More recently, Robert Bolt’s play, A Man for All Seasons, depicted More as an urbane champion of religious liberty. The late U.S. Supreme Court justice Antonin Scalia silently evoked the enduring emotional power of that narrative when he wore a replica of More’s hat to President Obama’s second inauguration. The problem here, as literary critic Cynthia Haven neatly summates, is that “neither Bolt nor Mantel portrayed the real Thomas More, because the real Thomas More was a medieval man, not a modern one at all.”

The religious and court politics of Henrician England have been so heavily and frequently dramatized because the stakes are high. Human beings are creatures of story. We are born into times and places of largely inherited significance. Contrary to modern myth, the world is not ours to shape by force of will. We are shaped by the past in more numerous and intricate ways than the most able historian could begin to fathom in a hundred lifetimes. This is the appeal and the danger of historical fiction; it is why Mantel’s novels are read, celebrated, and criticized.

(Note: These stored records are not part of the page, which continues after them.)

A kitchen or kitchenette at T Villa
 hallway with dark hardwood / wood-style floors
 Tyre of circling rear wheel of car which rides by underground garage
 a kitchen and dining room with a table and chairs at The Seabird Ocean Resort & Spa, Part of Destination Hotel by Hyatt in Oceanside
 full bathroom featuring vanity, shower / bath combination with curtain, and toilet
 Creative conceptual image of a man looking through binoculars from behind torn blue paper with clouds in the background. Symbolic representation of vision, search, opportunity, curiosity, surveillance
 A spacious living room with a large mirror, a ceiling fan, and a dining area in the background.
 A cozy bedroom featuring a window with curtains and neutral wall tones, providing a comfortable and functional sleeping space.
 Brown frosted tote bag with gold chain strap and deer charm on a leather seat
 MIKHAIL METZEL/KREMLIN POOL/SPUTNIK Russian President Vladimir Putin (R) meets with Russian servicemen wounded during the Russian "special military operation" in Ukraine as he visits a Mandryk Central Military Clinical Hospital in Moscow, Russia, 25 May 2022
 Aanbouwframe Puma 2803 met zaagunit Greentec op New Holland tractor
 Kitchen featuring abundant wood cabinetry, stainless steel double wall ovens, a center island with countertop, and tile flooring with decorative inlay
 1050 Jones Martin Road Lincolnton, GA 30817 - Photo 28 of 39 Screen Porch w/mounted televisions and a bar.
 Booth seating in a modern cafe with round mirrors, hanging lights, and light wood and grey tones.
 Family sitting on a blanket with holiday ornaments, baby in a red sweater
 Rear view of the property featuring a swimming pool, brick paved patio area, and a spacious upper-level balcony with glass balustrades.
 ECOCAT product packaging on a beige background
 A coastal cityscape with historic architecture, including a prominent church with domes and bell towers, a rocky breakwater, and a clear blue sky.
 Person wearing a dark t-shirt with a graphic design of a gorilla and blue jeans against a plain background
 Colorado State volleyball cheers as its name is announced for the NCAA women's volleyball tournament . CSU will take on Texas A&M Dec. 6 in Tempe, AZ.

What, then, should confessional Protestants make of her epic trilogy?

The importance of the question and the key to answering it is, I think, captured in some passing references to William Tyndale. Inevitably, Mantel transposes the English Bible translator into a catspaw in the More-Cromwell struggle. In one of his interviews with Cromwell while awaiting his own execution, More asks the Lord Chancellor: “‘what do you hear from Antwerp? They say Tyndale is there. They say he… dare not stray beyond the English merchant’s house. They say he is in prison, almost as I am.’” In his internal monologue Cromwell reflects on the injustice of Tyndale’s having “labored in poverty and obscurity, and now his world has shrunk to a little room; while outside in the city, under the Emperor’s laws, printers are branded and have their eyes put out, and brothers and sisters are killed for their faith.”

More continues, commenting acerbically that “‘Tyndale would be safer in London… under yourself, the protector of error… You see, Thomas, where heresy leads us? It leads us to Münster, does it not?’” Mantel’s More posthumously wreaks vengeance on Tyndale in the end. When Cromwell later learns of the biblical translator’s death, his informant states that More’s “‘arm reached out of his grave… [He] had men everywhere, all about Tyndale. It was More’s agents who betrayed him.”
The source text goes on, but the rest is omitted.